Our story begins in 1786, when Mussenden Ebenezer Matthews was granted 274 acres of land for his service in the Revolutionary War. This land was on Station Camp Creek just northeast of Nashville. At the time, the land was in Davidson County and was still North Carolina. Major Matthews resided in Rowan County, North Carolina and spent a lot of his life in public service. Family tradition says he was a Scotsman who immigrated to the colonies from Ireland, and that he was a Presbyterian minister who had fled religious persecution. He was a cavalry commander and chaplain.
In 1796, Matthews literally helped shape a part of the United States. This was the year that Tennessee separated from North Carolina and became a state. ” Mussendine” Matthews, Colonel Joseph McDowell of Burke County, and David Vance of Buncombe, were appointed to run the line between North Carolina and Tennessee.
Tradition says Major Matthews had red hair, and he was an expert rider and had his horse well trained to do his bidding.

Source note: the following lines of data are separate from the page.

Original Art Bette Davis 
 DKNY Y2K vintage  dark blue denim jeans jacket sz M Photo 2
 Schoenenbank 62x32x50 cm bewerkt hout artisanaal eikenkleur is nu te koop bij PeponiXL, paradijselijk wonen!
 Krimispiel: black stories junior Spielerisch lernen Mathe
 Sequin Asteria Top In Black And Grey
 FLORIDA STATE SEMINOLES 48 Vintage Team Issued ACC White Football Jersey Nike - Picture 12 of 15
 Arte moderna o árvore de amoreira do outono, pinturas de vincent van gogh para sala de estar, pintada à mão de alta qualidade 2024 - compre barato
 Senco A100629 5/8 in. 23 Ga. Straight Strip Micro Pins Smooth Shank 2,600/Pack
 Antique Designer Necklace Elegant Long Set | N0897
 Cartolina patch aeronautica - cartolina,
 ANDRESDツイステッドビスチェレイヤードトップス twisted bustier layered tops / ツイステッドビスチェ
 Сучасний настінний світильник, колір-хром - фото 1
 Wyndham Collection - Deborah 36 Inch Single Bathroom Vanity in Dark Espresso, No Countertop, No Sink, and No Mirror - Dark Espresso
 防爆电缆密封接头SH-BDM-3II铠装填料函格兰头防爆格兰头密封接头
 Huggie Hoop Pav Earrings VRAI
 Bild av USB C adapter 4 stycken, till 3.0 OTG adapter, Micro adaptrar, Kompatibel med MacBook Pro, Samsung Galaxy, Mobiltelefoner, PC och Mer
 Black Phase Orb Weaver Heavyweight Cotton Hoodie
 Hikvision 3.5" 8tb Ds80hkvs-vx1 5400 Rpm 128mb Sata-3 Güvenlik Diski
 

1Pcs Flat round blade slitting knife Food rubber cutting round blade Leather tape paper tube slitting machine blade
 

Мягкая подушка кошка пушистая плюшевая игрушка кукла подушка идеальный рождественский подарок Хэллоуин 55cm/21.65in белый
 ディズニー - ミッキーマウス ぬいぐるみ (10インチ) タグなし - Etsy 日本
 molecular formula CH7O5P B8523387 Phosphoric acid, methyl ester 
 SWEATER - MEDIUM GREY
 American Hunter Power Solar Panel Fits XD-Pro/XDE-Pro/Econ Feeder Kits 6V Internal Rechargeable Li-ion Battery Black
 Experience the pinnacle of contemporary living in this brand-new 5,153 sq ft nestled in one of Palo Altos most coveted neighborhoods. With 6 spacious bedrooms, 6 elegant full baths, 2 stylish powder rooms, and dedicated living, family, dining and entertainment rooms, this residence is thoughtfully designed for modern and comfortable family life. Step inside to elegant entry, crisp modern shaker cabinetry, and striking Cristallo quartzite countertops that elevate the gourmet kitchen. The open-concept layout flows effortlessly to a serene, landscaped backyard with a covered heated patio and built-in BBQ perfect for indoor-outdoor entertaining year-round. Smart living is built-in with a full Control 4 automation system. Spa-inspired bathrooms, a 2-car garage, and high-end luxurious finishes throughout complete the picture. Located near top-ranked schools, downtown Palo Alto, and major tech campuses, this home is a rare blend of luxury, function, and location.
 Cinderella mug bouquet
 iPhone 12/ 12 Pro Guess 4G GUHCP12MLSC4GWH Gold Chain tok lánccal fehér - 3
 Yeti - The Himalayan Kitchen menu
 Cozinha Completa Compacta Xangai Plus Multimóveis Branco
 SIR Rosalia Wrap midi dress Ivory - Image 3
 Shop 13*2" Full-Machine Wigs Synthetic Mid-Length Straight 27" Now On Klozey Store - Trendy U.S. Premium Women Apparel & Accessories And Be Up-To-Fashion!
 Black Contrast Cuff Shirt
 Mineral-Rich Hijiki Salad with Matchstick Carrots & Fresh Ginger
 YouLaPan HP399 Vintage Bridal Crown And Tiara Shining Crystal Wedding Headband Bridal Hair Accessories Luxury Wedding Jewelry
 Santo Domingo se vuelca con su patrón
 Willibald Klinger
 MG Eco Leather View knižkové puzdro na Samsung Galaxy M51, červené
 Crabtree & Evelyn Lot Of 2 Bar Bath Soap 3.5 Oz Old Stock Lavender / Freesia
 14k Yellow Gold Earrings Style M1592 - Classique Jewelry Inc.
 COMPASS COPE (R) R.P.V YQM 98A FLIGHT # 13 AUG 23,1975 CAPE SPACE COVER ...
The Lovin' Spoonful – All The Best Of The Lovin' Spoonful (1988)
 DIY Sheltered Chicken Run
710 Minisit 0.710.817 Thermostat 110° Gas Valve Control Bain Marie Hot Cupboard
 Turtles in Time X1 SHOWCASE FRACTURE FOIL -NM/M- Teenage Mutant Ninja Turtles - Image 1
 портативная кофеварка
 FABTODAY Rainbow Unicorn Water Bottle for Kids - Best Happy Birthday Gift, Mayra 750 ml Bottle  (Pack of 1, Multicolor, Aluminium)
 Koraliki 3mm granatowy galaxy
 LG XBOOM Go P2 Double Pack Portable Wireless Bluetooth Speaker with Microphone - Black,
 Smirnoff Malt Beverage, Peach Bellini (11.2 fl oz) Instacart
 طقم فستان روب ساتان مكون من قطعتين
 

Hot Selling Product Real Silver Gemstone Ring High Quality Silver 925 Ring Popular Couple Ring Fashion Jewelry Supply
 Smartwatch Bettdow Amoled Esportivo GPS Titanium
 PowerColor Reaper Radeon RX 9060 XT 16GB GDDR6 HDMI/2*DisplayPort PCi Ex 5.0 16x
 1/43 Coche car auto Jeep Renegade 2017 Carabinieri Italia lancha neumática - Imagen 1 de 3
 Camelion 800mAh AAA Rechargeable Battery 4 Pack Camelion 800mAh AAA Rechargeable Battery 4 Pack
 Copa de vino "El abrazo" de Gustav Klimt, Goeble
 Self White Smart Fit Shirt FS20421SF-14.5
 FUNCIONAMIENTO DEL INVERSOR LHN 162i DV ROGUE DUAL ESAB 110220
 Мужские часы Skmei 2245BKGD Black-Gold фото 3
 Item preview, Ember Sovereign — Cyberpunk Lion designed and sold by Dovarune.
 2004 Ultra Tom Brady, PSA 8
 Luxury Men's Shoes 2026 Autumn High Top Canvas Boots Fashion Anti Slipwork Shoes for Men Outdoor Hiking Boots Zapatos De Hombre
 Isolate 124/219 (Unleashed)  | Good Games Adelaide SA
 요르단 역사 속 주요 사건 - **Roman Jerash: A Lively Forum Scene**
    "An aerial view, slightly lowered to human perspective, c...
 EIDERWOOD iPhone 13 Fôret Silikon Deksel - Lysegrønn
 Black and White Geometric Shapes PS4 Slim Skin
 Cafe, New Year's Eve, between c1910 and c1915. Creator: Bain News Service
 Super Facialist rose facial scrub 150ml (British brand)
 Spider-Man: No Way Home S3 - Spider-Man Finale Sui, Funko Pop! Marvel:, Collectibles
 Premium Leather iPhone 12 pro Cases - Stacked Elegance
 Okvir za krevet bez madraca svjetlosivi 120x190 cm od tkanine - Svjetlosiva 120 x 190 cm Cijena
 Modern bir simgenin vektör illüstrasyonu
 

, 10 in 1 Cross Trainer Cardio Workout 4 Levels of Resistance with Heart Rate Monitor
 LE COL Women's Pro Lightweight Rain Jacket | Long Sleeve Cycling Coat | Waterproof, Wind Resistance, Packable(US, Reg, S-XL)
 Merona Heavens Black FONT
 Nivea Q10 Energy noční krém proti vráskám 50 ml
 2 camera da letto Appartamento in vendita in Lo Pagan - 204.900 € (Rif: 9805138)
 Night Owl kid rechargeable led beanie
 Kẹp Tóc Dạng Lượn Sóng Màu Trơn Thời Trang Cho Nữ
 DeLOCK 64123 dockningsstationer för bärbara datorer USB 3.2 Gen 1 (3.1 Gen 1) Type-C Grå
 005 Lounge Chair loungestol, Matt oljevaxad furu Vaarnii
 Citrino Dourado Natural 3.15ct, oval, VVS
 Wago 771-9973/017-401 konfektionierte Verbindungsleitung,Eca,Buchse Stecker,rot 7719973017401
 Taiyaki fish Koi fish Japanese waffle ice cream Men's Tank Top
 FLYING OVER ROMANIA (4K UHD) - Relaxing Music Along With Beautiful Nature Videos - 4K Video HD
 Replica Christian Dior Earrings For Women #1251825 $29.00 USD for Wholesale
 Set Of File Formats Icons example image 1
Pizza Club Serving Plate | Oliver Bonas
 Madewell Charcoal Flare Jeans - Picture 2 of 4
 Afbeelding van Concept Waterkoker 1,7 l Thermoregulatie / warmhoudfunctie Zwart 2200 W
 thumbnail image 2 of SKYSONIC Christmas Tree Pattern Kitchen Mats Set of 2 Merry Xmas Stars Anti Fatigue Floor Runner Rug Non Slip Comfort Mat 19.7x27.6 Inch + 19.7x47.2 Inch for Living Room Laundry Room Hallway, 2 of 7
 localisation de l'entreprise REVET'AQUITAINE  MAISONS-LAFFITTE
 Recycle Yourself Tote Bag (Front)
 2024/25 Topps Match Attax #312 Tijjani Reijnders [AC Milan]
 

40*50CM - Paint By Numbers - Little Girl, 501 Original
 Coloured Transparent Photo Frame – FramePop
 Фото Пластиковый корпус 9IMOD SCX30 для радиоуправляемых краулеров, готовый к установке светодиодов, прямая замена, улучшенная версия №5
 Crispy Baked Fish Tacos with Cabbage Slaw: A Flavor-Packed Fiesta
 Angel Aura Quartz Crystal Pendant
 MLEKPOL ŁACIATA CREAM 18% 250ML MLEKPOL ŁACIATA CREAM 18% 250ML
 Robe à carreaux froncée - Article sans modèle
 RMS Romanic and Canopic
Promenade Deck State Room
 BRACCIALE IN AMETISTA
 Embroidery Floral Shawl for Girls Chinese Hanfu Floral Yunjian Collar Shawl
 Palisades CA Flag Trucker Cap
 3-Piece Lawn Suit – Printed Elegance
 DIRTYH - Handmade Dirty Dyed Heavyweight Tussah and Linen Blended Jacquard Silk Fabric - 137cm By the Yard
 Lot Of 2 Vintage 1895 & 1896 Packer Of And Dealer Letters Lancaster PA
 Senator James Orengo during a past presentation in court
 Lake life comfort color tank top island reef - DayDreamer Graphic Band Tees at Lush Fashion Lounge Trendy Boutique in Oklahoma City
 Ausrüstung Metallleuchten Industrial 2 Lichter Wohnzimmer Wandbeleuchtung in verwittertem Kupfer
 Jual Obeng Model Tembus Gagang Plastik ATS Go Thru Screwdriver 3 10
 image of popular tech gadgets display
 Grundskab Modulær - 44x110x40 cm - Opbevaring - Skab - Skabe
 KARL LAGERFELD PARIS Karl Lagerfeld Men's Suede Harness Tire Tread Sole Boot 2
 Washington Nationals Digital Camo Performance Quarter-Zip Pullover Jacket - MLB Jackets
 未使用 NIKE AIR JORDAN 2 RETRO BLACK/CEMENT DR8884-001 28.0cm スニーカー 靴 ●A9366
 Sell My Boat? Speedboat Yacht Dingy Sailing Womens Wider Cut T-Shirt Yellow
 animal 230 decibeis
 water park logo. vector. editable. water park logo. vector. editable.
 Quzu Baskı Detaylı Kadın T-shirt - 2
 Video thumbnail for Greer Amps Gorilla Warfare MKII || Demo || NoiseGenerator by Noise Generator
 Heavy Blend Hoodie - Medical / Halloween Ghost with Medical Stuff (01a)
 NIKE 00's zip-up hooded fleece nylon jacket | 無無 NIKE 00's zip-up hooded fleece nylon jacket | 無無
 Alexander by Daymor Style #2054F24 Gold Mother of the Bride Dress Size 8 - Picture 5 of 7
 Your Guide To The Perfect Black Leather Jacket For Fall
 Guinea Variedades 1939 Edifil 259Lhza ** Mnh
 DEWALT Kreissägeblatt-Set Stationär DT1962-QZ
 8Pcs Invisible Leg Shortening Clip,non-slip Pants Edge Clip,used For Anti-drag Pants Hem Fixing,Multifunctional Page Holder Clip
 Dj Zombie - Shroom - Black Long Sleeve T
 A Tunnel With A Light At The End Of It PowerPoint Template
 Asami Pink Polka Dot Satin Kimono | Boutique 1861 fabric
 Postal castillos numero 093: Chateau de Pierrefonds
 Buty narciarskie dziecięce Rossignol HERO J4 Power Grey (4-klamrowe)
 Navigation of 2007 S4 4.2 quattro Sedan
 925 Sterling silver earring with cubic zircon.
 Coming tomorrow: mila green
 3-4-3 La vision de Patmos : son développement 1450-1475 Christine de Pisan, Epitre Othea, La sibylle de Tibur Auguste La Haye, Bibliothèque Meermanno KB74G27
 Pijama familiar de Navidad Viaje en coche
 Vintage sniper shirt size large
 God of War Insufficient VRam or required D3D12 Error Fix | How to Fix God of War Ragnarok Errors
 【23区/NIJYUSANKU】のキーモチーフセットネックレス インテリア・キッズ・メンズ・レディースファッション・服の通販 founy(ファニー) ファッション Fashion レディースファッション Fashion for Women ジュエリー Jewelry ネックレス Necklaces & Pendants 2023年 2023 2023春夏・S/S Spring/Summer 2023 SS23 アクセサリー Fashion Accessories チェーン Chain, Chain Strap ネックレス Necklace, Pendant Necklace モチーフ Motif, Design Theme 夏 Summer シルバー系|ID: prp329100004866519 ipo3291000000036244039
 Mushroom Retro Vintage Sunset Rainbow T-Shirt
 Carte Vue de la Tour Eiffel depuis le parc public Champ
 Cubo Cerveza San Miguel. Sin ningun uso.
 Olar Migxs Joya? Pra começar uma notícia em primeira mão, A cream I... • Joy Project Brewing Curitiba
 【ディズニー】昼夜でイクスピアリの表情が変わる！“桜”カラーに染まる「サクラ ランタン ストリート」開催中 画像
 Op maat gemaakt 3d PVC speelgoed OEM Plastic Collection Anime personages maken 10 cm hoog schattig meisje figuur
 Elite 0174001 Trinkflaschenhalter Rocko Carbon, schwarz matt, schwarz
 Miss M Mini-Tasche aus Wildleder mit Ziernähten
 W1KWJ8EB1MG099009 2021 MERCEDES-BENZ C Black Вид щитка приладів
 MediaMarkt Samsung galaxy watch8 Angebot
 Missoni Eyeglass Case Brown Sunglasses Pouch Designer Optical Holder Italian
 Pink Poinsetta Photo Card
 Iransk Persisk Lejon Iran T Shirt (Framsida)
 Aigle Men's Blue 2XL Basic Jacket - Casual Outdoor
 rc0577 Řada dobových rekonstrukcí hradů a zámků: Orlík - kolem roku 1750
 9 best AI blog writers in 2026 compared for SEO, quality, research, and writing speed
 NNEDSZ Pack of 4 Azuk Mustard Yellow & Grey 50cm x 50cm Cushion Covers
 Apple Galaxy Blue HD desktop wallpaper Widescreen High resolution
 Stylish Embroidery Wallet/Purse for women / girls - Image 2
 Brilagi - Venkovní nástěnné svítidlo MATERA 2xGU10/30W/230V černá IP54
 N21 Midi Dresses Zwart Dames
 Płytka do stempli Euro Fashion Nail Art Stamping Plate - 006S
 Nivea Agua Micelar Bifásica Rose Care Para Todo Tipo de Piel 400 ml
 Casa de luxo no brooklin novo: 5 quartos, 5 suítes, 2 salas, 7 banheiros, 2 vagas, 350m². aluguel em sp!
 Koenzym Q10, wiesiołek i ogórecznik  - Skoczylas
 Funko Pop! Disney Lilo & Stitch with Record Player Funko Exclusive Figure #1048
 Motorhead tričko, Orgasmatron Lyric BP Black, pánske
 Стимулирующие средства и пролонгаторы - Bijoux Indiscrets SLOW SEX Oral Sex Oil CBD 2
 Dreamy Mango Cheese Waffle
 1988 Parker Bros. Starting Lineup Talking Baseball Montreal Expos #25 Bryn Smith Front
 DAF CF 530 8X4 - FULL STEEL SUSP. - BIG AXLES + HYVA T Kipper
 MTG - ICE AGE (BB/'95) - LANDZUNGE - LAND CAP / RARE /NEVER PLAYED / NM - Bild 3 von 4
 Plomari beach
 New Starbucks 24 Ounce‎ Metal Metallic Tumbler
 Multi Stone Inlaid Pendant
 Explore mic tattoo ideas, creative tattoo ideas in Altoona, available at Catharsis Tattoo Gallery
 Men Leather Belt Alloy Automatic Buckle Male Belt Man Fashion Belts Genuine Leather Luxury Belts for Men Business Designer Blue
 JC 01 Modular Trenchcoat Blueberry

Matthews did not live on this land in Sumner County Tennessee, but sold it to William Snoddy in 1792. William Snoddy was born in and resided in Rowan County, North Carolina. His mother and father were Irish immigrants. It is likely that Snoddy was related to Matthews by marriage, as his wife Elizabeth Sloane was likely the cousin of Matthews’ wife, Anne Sloane. In 1783, William received 640 acres of land “on middle fork of Station Camp Creek” in Davidson County TN (later to become Sumner County in 1786) for his service in the Revolutionary War. By adding his purchase of Mussenden’s 274 acres, he had over 900 acres on Station Camp Creek in Sumner County. William did live on this land, moving from Rowan County to Sumner County sometime before 1790. William began dividing up his land and selling to various people after 1803. He died in 1812.